Os ambientalistas defendem que o governo faça o mais breve possível a
regularização fundiária da região. Essa medida serviria para evitar o
desmatamento desenfreado e a ocupação irregular que costuma ocorrer nas
áreas próximas às obras anunciadas. Roberto Smeraldi, diretor da Amigos da
Terra, afirma que o governo deve fazer um grande levantamento por prevenção
e não conceder novos títulos de propriedade de terras.
Outra proposta defendida por Smeraldi, um dos autores do estudo do Grupo de
Assessoria Internacional que condenou as grandes obras de infra-estrutura
programadas para a região, é que o governo estimasse antes o real custo
desses projetos. Ou seja, para obter o desenvolvimento sustentável, deve-se
levar em conta que serão criadas novas cidades, novos aglomerados
populacionais, e estes precisarão de educação, saúde, segurança, transporte
e justiça. “É preciso cobrir esses custos para saber se valem a pena esses
investimentos.”
Compensação – Veríssimo pôs em dúvida a viabilidade de alguns projetos que
podem ser anunciados no novo PPA. Entre eles, a Rodovia Porto Velho-Manaus,
por ser uma obra de engenharia cara. Diz que já esperava a inclusão da Usina
de Belo Monte, no Pará, mas cobra do governo a criação de condições
socioambientais para as populações que serão afetadas e a redução dos danos
na natureza. “Por enquanto, o governo atual e o anterior vêm assistindo ao
que ocorre no local de braços cruzados”, diz, em referência à especulação
fundiária no entorno de Vitória do Xingu.
A assessora de Políticas Públicas do Instituto Socioambiental, Adriana
Ramos, define o novo PPA, segundo as obras em estudo, como um projeto de
“desenvolvimento mais ousado que o Avança Brasil” e cujas intervenções podem
alterar significativamente a Amazônia. “No caso da Rodovia Cuiabá-Santarém,
já há uma especulação de um movimento que está à frente do governo.
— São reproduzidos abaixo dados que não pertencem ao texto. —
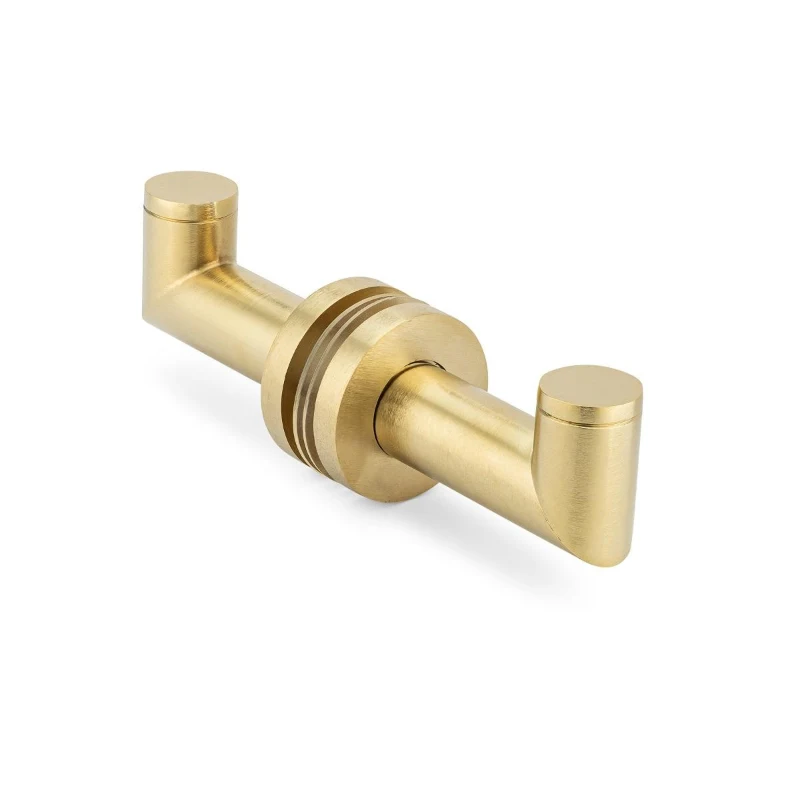 Portals Coda Back-to-Back Hook in Brushed Brass PVD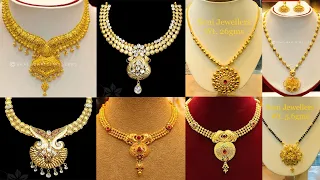 Latest Gold Necklace Design Collections 2025 | #todayfashion #goldjewellery #Simple necklace design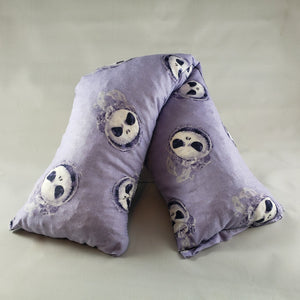 A NerdyKeppie Lavender Jack Halloween Cotton Heat & Cold Pack. 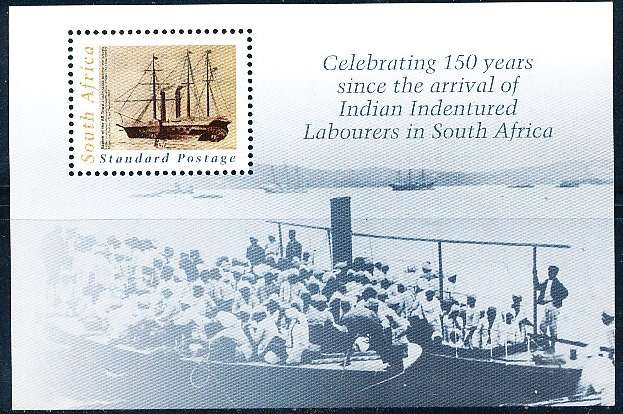 RSA  - 2011  -   Arrival of Indian Indentured Labourers  MINI-SHEET - FINE MINT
Se ele
não chegar, o asfalto da BR-163 pode ser um vetor de desmatamento
descontrolado.” Adriana afirma que são vitais projetos paralelos, de
incentivo à agricultura familiar e o agroextrativismo, para absorver o
impacto causado pelas obras.
Para a coordenadora da Associação Brasileira de Organizações
Não-Governamentais, Aldalice Otterloo, que há duas semanas entregou o
relatório com o resultado dos 27 fóruns estaduais ao Ministério do
Planejamento, o governo permitiu que a sociedade discutisse o PPA no nível
mais teórico. Indagada sobre a hipótese de a Usina de Belo Monte estar
presente na lista final, ela reage: “Vai ter quebra-quebra, um levante. São
13 municípios da região e 15 comunidades indígenas contra. Não é possível
que o governo não tenha sensibilidade para ouvir essas vozes.”